En quelques malheureuses semaines, plus de 200 de nos frères ont perdu la vie et environ un millier de nos
compatriotes ont été blessés, parfois grièvement.Notre pays ne sait pas où il va. Ses dirigeants (mais qui dirige notre Grande île aujourd’hui ?) se sont coupés de la population malagasy ainsi que de la communauté internationale. Malgré ce brouillard, il faut cependant aller de l’avant dans nos projets. Il faut retrouver la Lumière et pardonner autant qu’on le peut à ceux qui ont transgressé notre idéal national de Fihavanana. Il faut aussi montrer beaucoup de fermeté dans la restauration de l’ordre et punir justement les coupables des crimes commis. Quitte à me répéter, je veux dire qu’il nous faut surtout en profiter pour réfléchir à notre avenir collectif, construire notre réflexion et entamer enfin ce vaste chantier de la Refondation. Il y a urgence, aujourd’hui, d’apporter des propositions concrètes, chiffrées et réalisables à nos compatriotes. Et cette Refondation (ny Fanorenana) de notre Nation malagasy doit se faire autour de nos vraies valeurs, celles de la solidarité, de la non-violence et du dialogue entre tous. Ces vraies valeurs ancestrales qui sont tellement différentes de ces « valeurs » meurtrières et de ces comportements cyniques que sont l’incompétence et la corruption érigées en mode de gouvernance (pillage systématique de nos terres, de nos entreprises publiques, de nos mines…). La Refondation de notre Nation, c’est avant tout la mobilisation autour de notre économie.
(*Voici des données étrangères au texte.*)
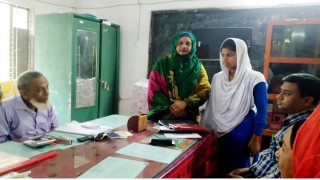 পলাশে ছাত্রী নিজেই বন্ধ করলো নিজের বাল্য বিয়ে পলাশে ছাত্রী নিজেই বন্ধ করলো নিজের বাল্য বিয়ে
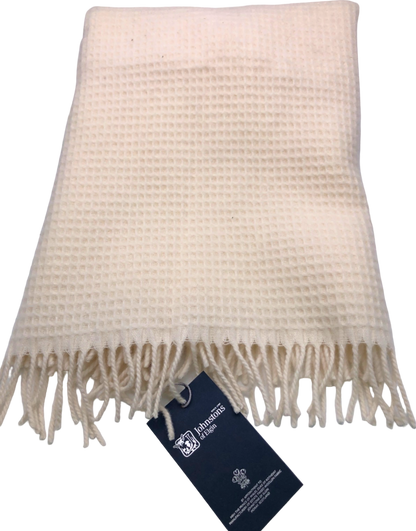 Johnstons of Elgin Cream Waffle Knit Scarf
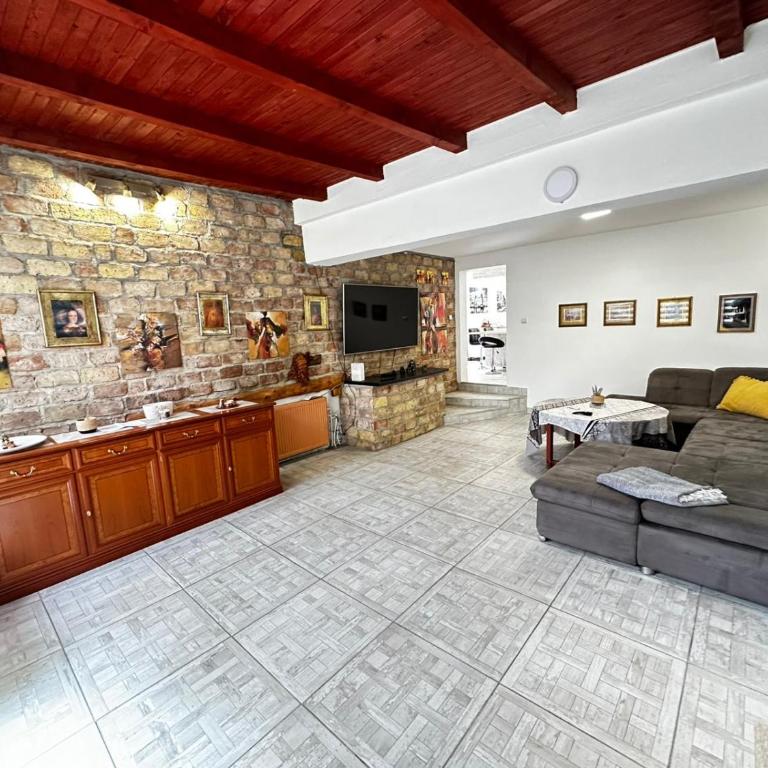 Amynatur - Villa with Private Pool - 8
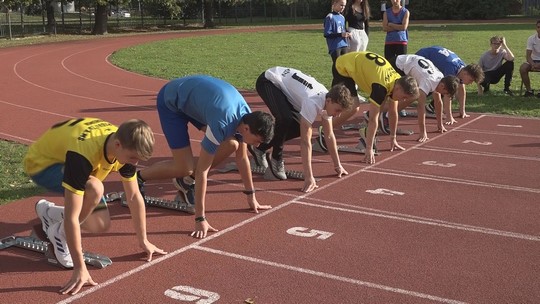 Začal seriál sportovních kol, atletika s rekordní účastí - zobrazit video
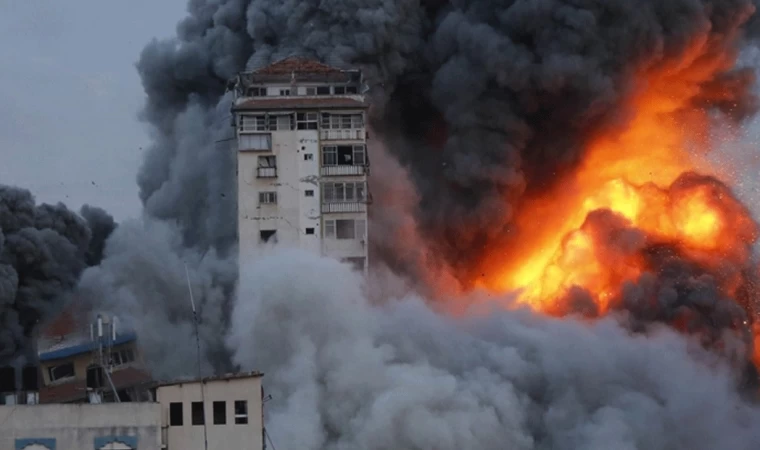 Endonezya Hastanesi’nde Can Kaybı 12’ye Yükseldi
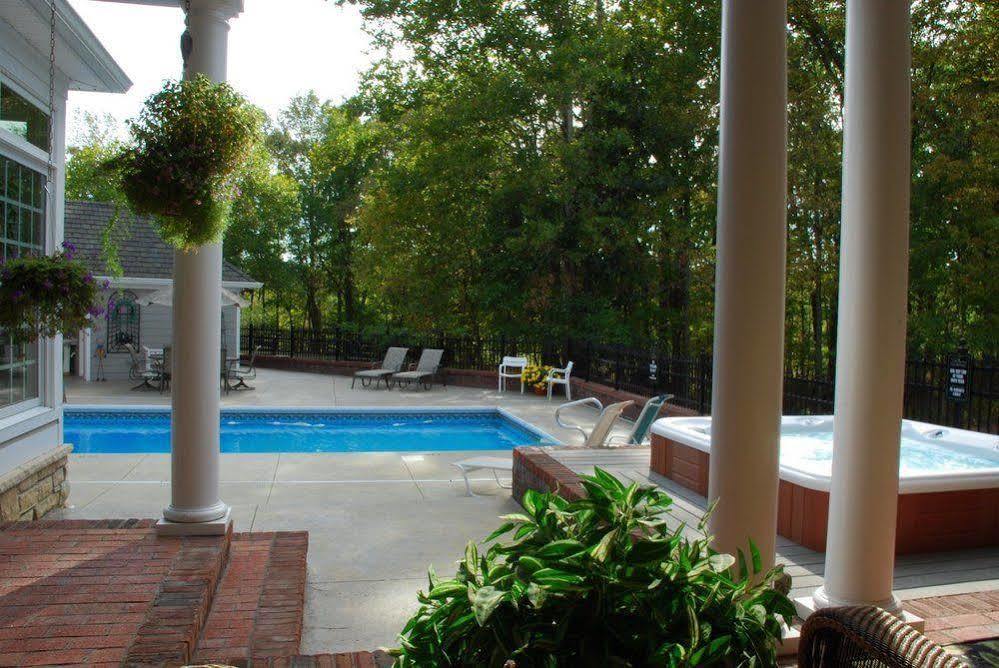 Bluegrass Country Estate La Grange Exterior photo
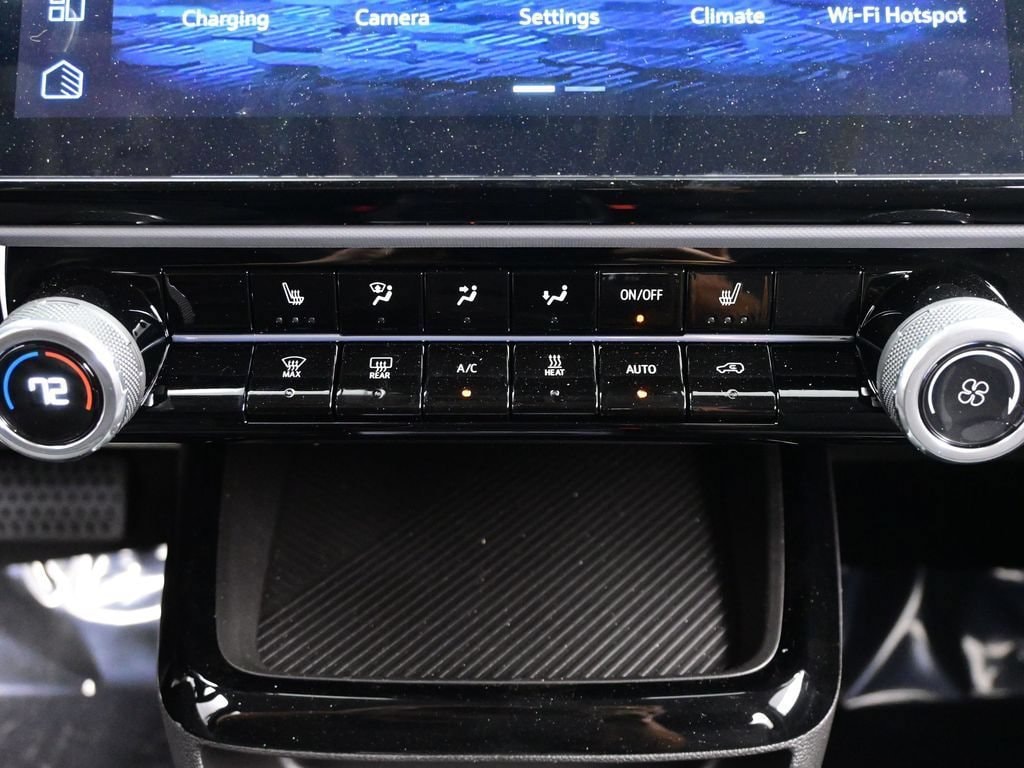 2027 Chevrolet Bolt LT - Photo 28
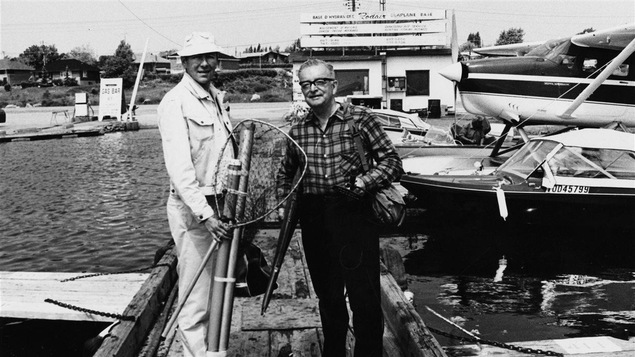 Deux hommes partent à la pêche.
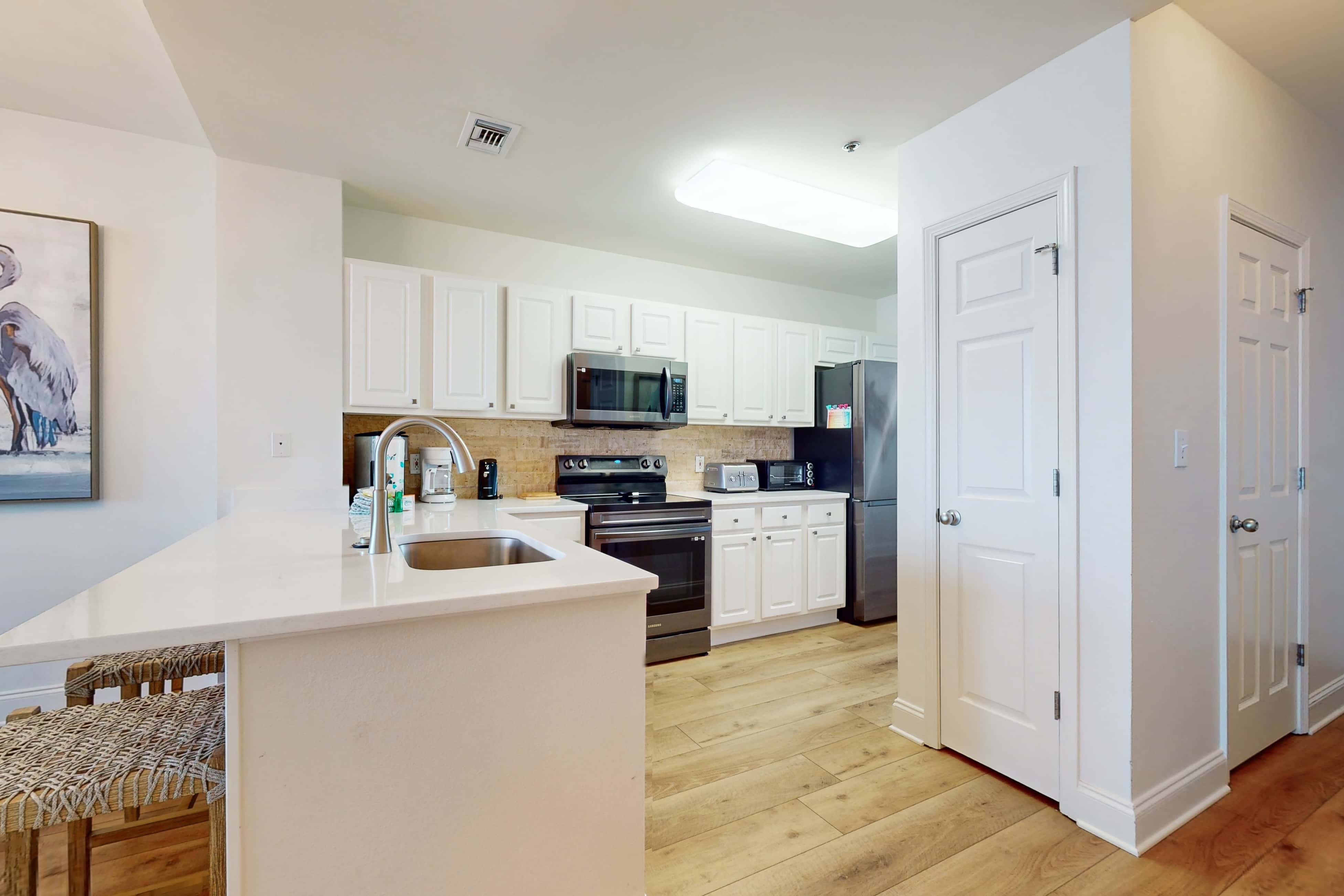 18th-floor condo with amazing views, beach access, pools & gym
Car autant il est facile, pour quelques personnes téléguidées (et leurs donneurs d’ordre), de brûler les outils de production (entreprises, commerces, entrepôts…), autant il n’est pas aisé de (re)construire une vraie économie où la vraie liberté est laissée aux vrais entrepreneurs.
Les vrais entrepreneurs sont ceux qui chaque jour se battent contre les corrompus, les affairistes et ces oisifs qui se nomment pompeusement « opérateurs économiques » et qui ne sont en fait que des « suceurs de sang » et des affameurs (plus de la moitié de la population malgache vit avec moins de 2 euros par jour). Osons le dire !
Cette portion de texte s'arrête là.